信念がある映画はいいよねえ(*´∀`*)

原作ファンの期待通りの、見事な映画化。

映画全体としては原作に忠実に繊細に、もれこぼすことなく丁寧な映像化がされている。あらためて原作を読んでみると、原作者・藤本タツキ作品の映画的センスに舌を巻く。でもだからといって、原作のまんまトレースしたら映像ってのはうまくいくわけでもなく、カメラワークとテンポに見事なセンスが光る作品だ。

さらにはクラスメートが「京本と比べると藤野の画って普通だな」といったときの、藤野が自分が特別な人間ではないんじゃないか、と思うことをあらわす無限に続く机に座る一人になってしまったときのショックを現すカットなど、映画版ならではの工夫もみられる。

原作では自分が大好きな、京本にファンだといってもらった藤野が、ウッキウッキで雨の中を歩くシーン。これマンガの一コマで現す一撃にかなわんだろうなあと思ってたけど、映画版でも大好きなシーンとなった。

原作通りの映像化。映像版は工夫を加えながらも、その原作の魅力を引き出すことのアシストに、徹した作品だ。

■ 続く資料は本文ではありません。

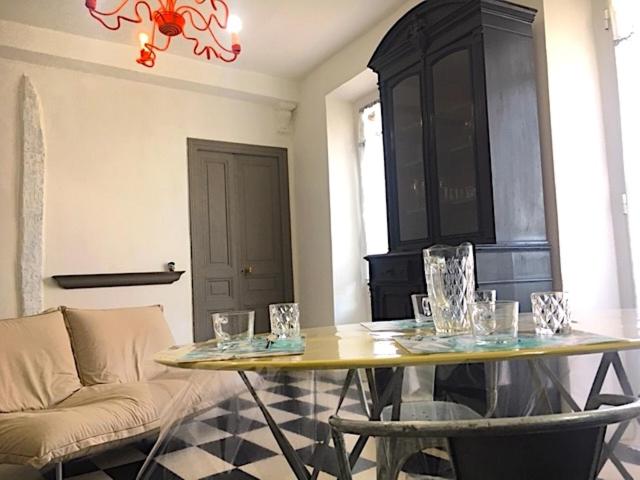 Maison Julien 3 3 Place Saint-Julien, 06500 Menton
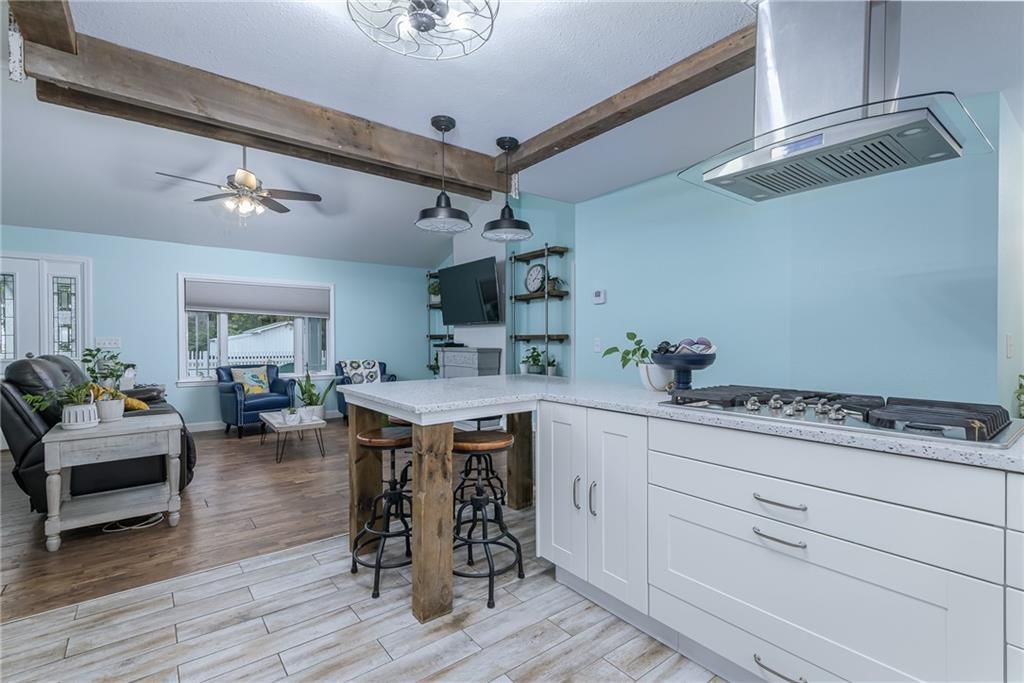 525 Pleasant Street — photo 10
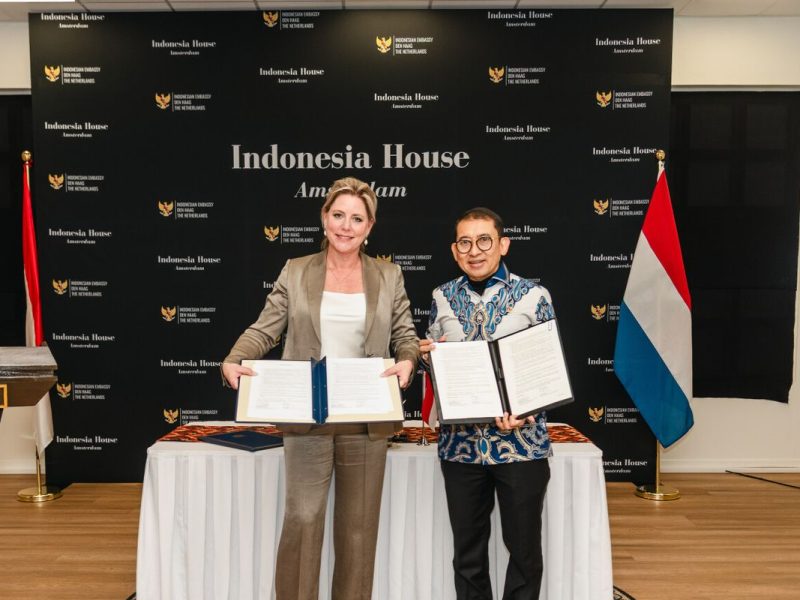Netherlands Returns Thirty Thousand Artifacts to Indonesia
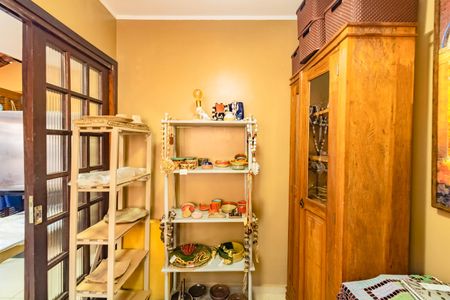 Casa à venda com 225m², 3 quartos e 3 vagasQuarto de Serviço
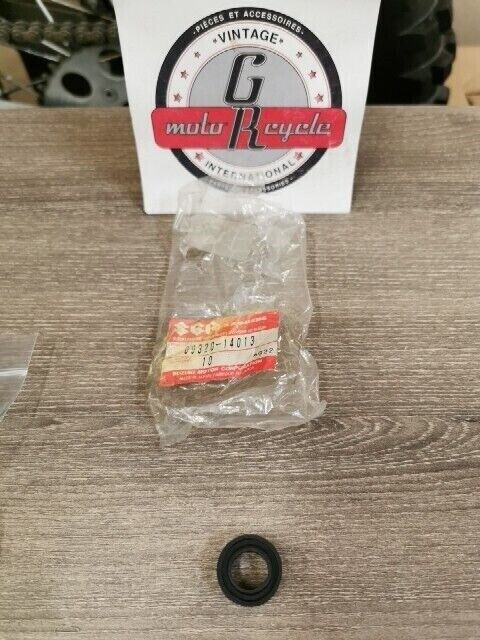 NOS SUZUKI AX100 DR125S DR125SE CUSHION 09320-14013 S37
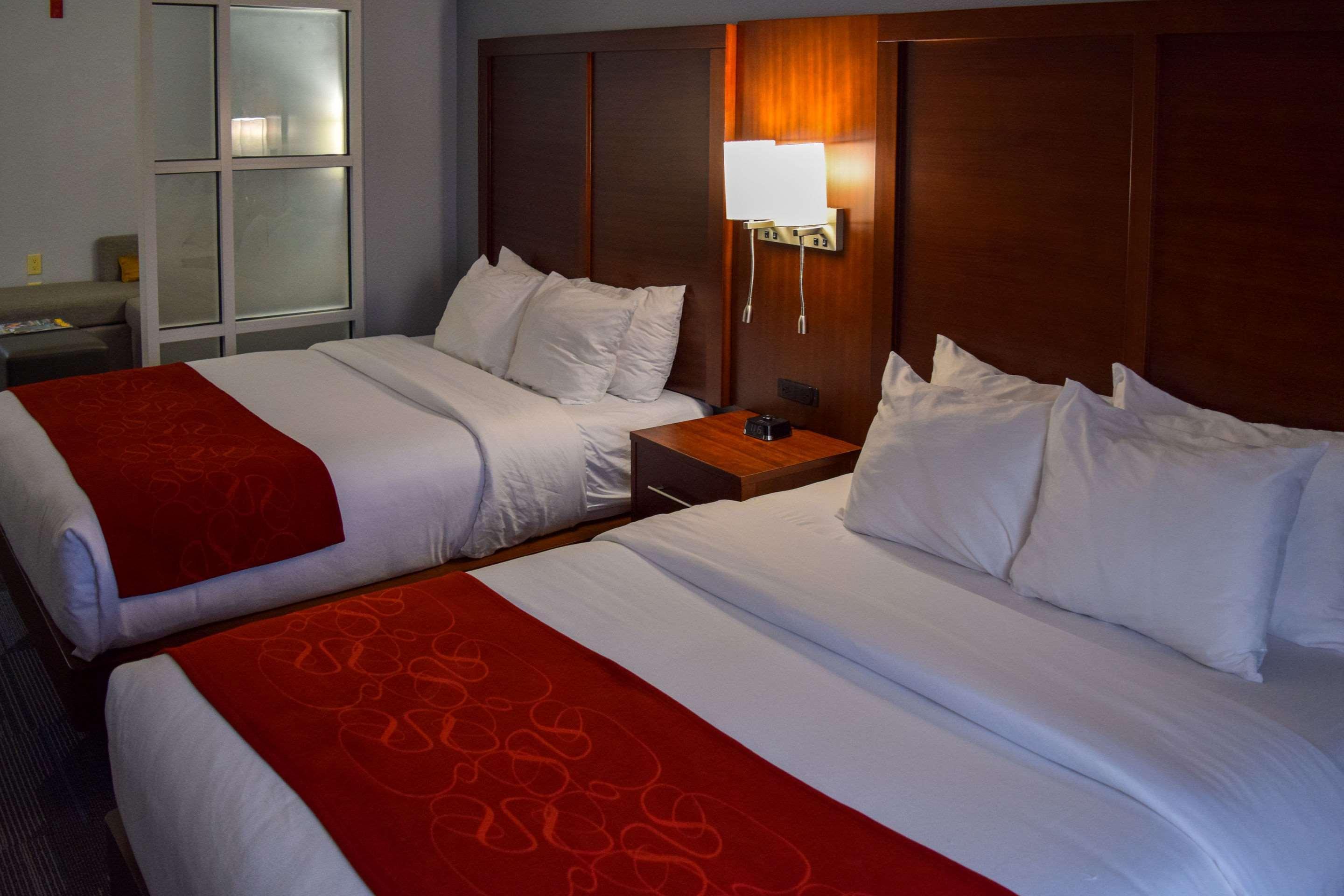 Comfort Suites Olive Branch - Memphis South Екстер'єр фото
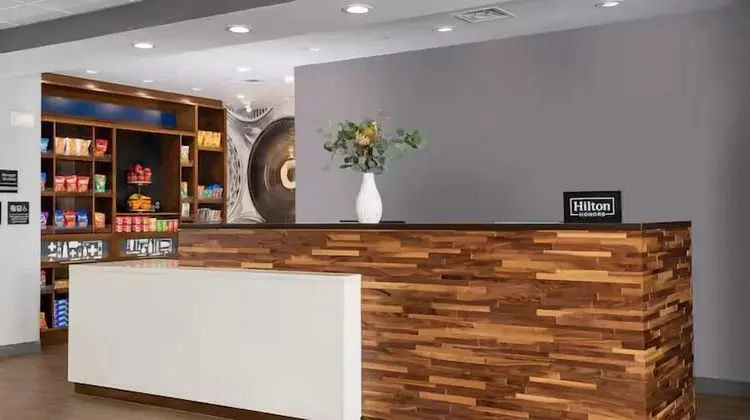 Hampton Inn by Hilton Chelsea - Lobi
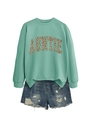 Détail du sweat Auntie vert menthe avec texte léopard et short en jean vieilli - Vert clair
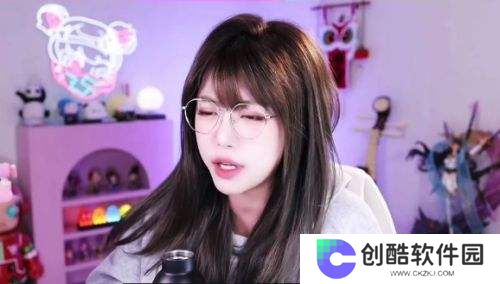 周淑怡直播找人玩游戏，想了半天只有骆歆一个，网友：人际圈这么小吗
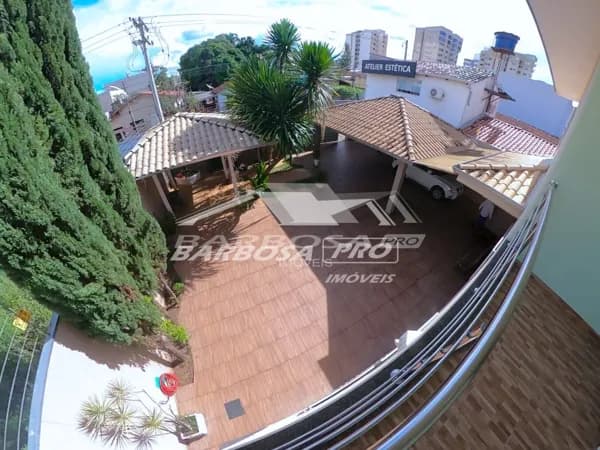 Casa sobrado residencial ou comercial com elevador para venda em Caldas Novas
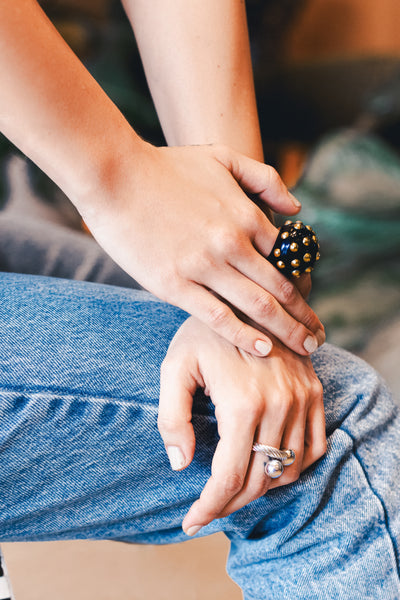 Anillo Tachas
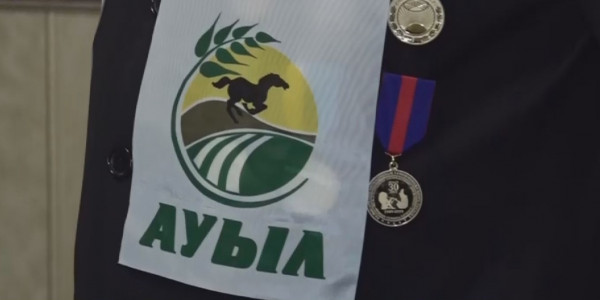 &laquo;Ауыл&raquo; партиясының өкілдері қарттарды құттықтады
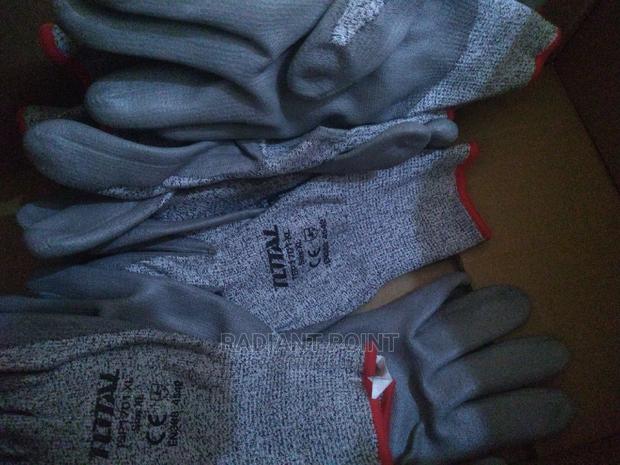 Total Cut Resistance Gloves XL · Photo 2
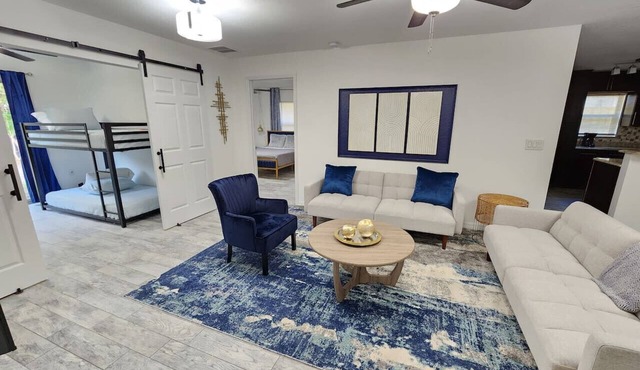 CasaDelaney DT Sodo district. Renovated Sleeps 16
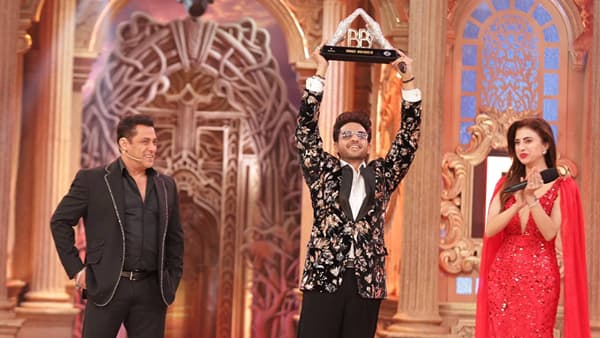 Bigg Boss 19: प्लेट फोडल्या, शिव्या दिल्या... संपूर्ण सिझन गोंधळ घातला तरीही फरहानाला का मिळाली नाही ट्रॉफी?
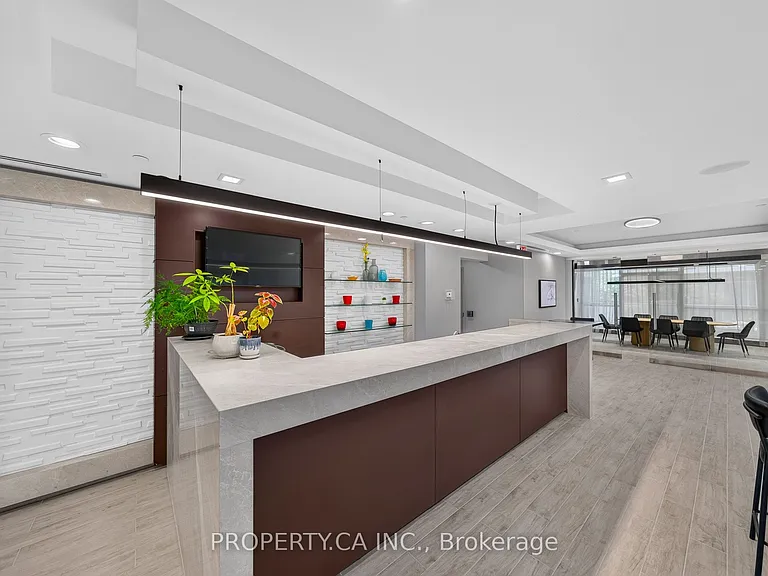 275 Yorkland Rd #108 — Photo 19
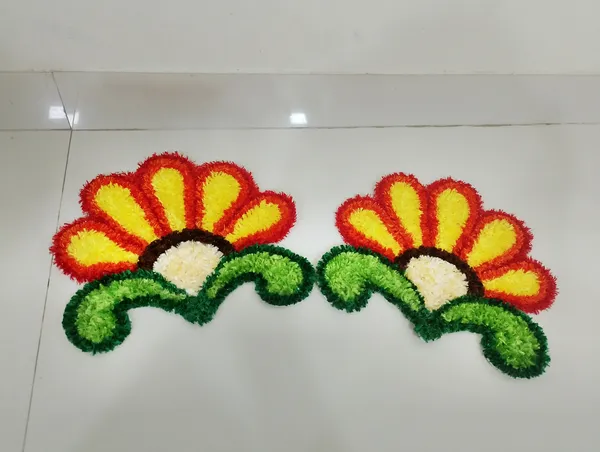 Red_And_Orange_Premium_Woolen_Flower_Rangoli_Pack_Of_2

この作品はこれでいい、と言いたいわけであって「すべての原作つき映画は、原作通りやるべき。改変は悪」なんていうつもりはない。結局はそこに信念があるかどうかなのだ。

原作つき映画を批判したくなるのは、中途半端なコスプレショーに、とりあえずの名シーン再現など、制作側も何やってるかわからんでしょ?というときに文句が出る。全部の人を納得させることができるわけでもない。だけど改変するなり、原作通りでも「これはこれでいい。今回はこれでいく」という信念がないといけない。

映画の作り手が原作の力を信じ、この方向性でいこうという信念が実った作品である。精神論といってもらって結構。映画はこれでいく!という気持ちが宿ってるもんが、一番おもしろいんだ。